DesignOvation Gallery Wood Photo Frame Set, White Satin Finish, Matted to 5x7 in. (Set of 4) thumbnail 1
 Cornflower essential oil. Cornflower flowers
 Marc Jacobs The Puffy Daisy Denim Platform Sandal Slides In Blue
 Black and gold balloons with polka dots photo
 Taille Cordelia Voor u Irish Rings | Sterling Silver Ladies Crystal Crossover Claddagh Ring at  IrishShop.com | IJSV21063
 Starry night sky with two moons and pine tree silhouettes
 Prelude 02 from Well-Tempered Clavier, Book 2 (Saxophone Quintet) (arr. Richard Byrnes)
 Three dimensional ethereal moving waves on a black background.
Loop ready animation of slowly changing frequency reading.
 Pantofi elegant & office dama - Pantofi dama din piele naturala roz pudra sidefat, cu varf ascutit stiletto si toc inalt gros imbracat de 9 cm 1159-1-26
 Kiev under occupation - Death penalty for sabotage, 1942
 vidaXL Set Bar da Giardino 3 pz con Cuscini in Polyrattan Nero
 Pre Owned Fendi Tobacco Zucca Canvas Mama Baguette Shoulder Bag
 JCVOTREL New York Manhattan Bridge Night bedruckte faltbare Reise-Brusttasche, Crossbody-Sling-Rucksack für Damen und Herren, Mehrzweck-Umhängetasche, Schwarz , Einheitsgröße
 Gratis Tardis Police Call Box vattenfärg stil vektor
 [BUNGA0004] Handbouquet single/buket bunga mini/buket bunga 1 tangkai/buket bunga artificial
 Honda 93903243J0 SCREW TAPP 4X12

■ ■ ■ ■ ■ ■ ■

__WORK TO BE COMPLETED__:
Your answer should consist of the lines above that hold the word "with", copied exactly.

__WRITTEN RESPONSE__:
 Black and gold balloons with polka dots photo
 Starry night sky with two moons and pine tree silhouettes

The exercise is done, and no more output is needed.